Select from the records below every line that has the word "stand" in it.
[Opening THE DATA section]
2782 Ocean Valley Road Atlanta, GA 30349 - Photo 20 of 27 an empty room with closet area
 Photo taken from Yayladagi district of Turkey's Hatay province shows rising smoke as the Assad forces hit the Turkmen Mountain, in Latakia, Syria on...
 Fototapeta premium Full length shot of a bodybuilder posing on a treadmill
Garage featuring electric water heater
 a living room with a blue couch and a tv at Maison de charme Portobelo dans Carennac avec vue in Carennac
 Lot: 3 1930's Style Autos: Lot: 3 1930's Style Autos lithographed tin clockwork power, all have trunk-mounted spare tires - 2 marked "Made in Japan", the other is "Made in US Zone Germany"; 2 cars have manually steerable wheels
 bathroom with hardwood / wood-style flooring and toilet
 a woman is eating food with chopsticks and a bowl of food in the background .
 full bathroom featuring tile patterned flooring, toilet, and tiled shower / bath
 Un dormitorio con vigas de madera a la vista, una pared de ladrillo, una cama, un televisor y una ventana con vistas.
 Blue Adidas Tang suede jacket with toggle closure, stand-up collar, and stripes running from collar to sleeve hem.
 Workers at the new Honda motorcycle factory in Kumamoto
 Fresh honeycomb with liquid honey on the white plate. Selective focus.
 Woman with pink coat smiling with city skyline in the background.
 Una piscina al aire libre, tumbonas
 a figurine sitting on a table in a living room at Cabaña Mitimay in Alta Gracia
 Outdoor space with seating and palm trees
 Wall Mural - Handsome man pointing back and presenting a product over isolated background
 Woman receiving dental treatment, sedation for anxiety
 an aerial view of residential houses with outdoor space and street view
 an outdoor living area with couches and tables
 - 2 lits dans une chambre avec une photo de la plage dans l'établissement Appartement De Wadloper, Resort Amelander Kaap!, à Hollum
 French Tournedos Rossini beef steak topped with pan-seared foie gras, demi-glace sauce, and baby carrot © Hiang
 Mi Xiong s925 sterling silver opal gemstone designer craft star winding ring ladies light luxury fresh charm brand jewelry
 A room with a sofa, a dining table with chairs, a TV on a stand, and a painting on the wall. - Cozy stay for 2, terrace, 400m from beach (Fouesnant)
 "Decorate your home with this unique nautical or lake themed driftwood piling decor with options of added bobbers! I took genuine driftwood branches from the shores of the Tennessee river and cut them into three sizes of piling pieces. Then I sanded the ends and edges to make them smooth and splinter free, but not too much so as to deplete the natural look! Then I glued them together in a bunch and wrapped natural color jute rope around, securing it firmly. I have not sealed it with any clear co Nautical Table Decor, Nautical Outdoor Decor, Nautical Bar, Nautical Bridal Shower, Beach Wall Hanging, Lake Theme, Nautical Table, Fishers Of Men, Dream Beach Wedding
[Closing THE DATA section]
EXERCISE RESPONSE —
 Blue Adidas Tang suede jacket with toggle closure, stand-up collar, and stripes running from collar to sleeve hem.
 A room with a sofa, a dining table with chairs, a TV on a stand, and a painting on the wall. - Cozy stay for 2, terrace, 400m from beach (Fouesnant)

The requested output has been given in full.